The event was planned as a response to the complex crises of our time, including climate change, technological disruption, and planetary transformation, by reflecting on infrastructure through the lens of the humanities. The conference was composed of a keynote lecture and three sessions under the themes: “The Anthropocene and Climate Infrastructure,” “The Anthropocene and Technological Infrastructure,” and “The Anthropocene and Planetary Infrastructure.”

The keynote address was delivered by Professor Beomsoon Park (KAIST), who presented a comprehensive overview of the scientific definitions and socio-cultural implications of the Anthropocene. Professor Park restructured the concept of the Anthropocene as a multidisciplinary framework grounded in three core ideas: irreversibility, habitability, and reflexivity.

In Session 1, “The Anthropocene and Climate Infrastructure,” Professor Jeongjae Park (Seoul National University) and Professor Taehee Kim (Konkuk University) gave presentations. Professor Park emphasized the importance of Earth system thinking and a critical posthumanist approach to tackling the climate crisis of the Anthropocene era. Professor Kim, meanwhile, framed the climate crisis as a problem of “climate-infrastructure,” in which temporality and ontology are layered, and called for expanding this into a new analytical framework through the perspective of infrastructure humanities.

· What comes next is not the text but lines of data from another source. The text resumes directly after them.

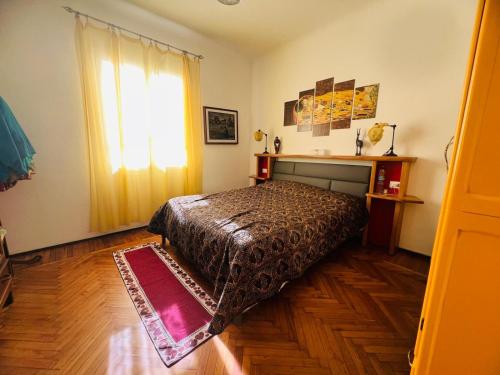 a bedroom with a bed and a window at Suite Semeria 38 - Sanremo in Sanremo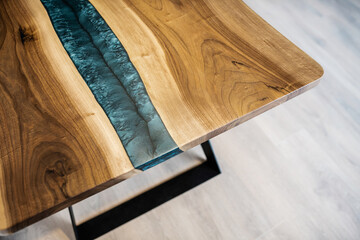 table made of natural wood and black epoxy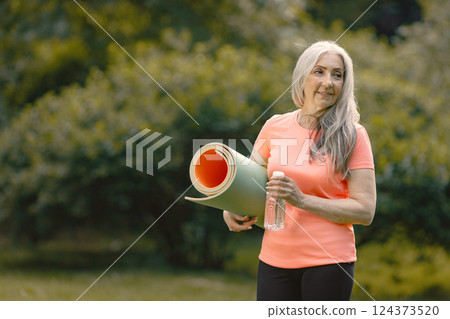 Senior woman with yoga mat standing at park with bottle of water. Positive mature woman after fitness or yoga class in nature. Wellness and healthy lifestyle on retirement. 124373520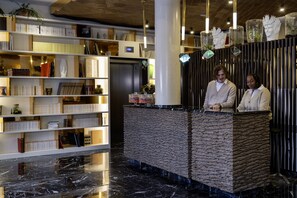 A reception area with a marble floor, a reception desk, and a bookshelf filled with books and decorative items. - Quinzerie Hotel (Paris)
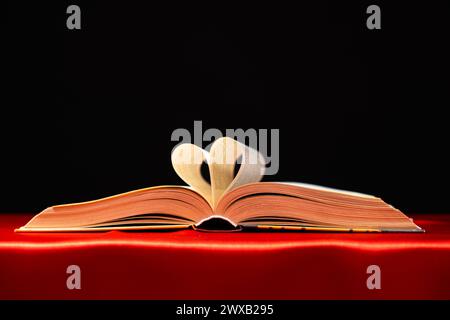 Die Seiten des Buches werden in Form eines Herzens auf einem roten und schwarzen Hintergrund gefaltet, um Text zu platzieren. Stockfoto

Session 2, “The Anthropocene and Technological Infrastructure,” featured presentations by Professor Heeeun Lee (Chosun University) and Professor Junseok Lee (Kyungsung University). Professor Lee redefined media infrastructures, entangled with climate, energy, and the cloud, as both ontological conditions and sensory infrastructures. She argued for an ethical reconfiguration of the information society in the intertwinement of technology, nature, humans and non-humans. Professor Lee also explored the agency of invisible entities based on object-oriented ontology and actor-network theory, while investigating the potential of a relational ontology that dismantles the dichotomy between being and non-being.

In Session 3, “The Anthropocene and Planetary Infrastructure,” Professor Eunju Kim (University of Seoul) and Professor Bongjun Ko (Kyung Hee University) presented their work. Professor Kim proposed the need to imagine new planetary political spaces in AI-based societies through the concepts of the digital polis and sim-polis. Professor Ko, meanwhile, introduced the ethics of multispecies coexistence and life-centered habitability as key concepts for thinking beyond the Anthropocene. He stressed the importance of humanistic imagination and ethical sensitivity during this planetary transition.